Cloudera brings machine learning open source tools for Hadoop Oryx
Source: Internet
Author: User
KeywordsMachine learning currently recommender systems open source tools recommendation engines
Cloudera, a Hadoop publisher, did not cause much concern when it bought a london-based start-up company last year Myrrix, and Cloudera rarely promoted the company's technology in machine learning. But Myrrix's technology and his founder Sean Owen's value and influence in machine learning are not to be underestimated.
Owen is currently developing an open source machine learning Project--oryx (Oryx, Cloudera also sells a product called Impala, Impala).
Oryx's goal is to help Hadoop users build and deploy machine learning models that can be queried in real time, such as spam filtering and recommendation engines.
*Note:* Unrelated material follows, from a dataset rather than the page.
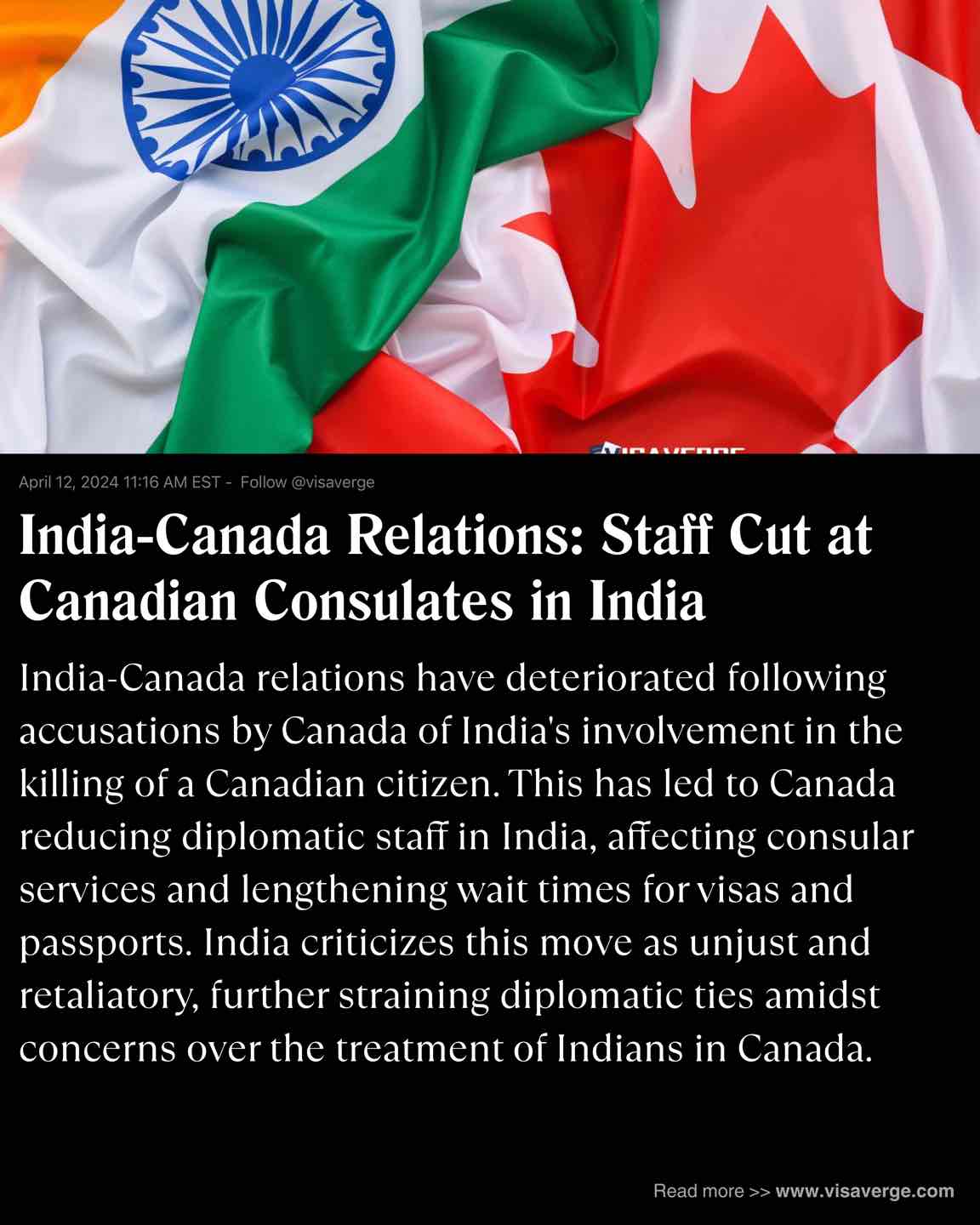 India-Canada Relations: Staff Cut at Canadian Consulates in India India-Canada Relations: Staff Cut at Canadian Consulates in India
As data continues to flow, Oryx will support Self-renewal.
Oryx can be extended on demand, whether from modeling or deployment, and Owen sees this as the traditional "sweet spot" of Oryx and Hadoop-the biggest difference between exploratory analysis and operational analysis.
Owen believes that the traditional technology for deploying machine learning on Hadoop--apache Mahout has come to an end.
"Mahout is constrained by the first generation MapReduce can only deal with the limitations of the batch task, users need to do a lot of work to build and machine learning system to run, and Myrrix rewrite mahout, solve all the old problems. If Mahout still have medicine to save, Cloudera will not buy Myrrix. Oryx almost 90% of the code comes from Myrrix, and some of the code comes from Cloudera, "Owen said.
Open source recommendation engine that everyone can use?
Oryx positioning is not a library of machine learning Algorithms, Owen focuses on four key points: regression, classification, clustering and collaborative filtering (that is, recommended). The recommended system is very popular, and Owen is working with several Cloudera customers to help them use the Oryx deployment recommendation system.
The practice of Oryx as a standardized tool for developing recommender systems will give the project a great deal of attention, as the recommendation system is almost standard for mainstream websites, and both the electrical and content sites require a referral system to improve the user experience and conversion rate of the site. But the biggest problem with recommendation engine technology is the lack of standards and open source tools.
The company dedicated to recommending technology standardization is not only a oryx, another cloud computing start-up company mortar data is also actively promoting the development of user recommendation engine technology, and show the advantages of its open source recommendation framework. Other companies injected expect labs, although not open source, tried to automate the recommendation system via the AI API interface.
Not yet a product
Owen believes that all of Cloudera's clients (and most of the Hadoop users) eventually want to deploy an operational machine-analysis system-not just a recommendation, Oryx could become an implementation tool in the future, but Oryx is only an experimental project at the moment.
Owen is still spending a lot of time as a contributor to the Apache Spark Project, and he wants to rewrite Oryx to spark instead of MapReduce as the main processing framework because spark has become a popular technology for next-generation big data applications. Because performance and speed are superior to mapreduce and easier to use, spark currently has a large user and contributor community. This means that spark is more in line with the requirements of the next generation of low latency, real-time processing, and iterative computing for large data applications, including real-time machine learning systems based on oryx development.
The content source of this page is from Internet, which doesn't represent Alibaba Cloud's opinion;
products and services mentioned on that page don't have any relationship with Alibaba Cloud. If the
content of the page makes you feel confusing, please write us an email, we will handle the problem
within 5 days after receiving your email.
If you find any instances of plagiarism from the community, please send an email to:
info-contact@alibabacloud.com
and provide relevant evidence. A staff member will contact you within 5 working days.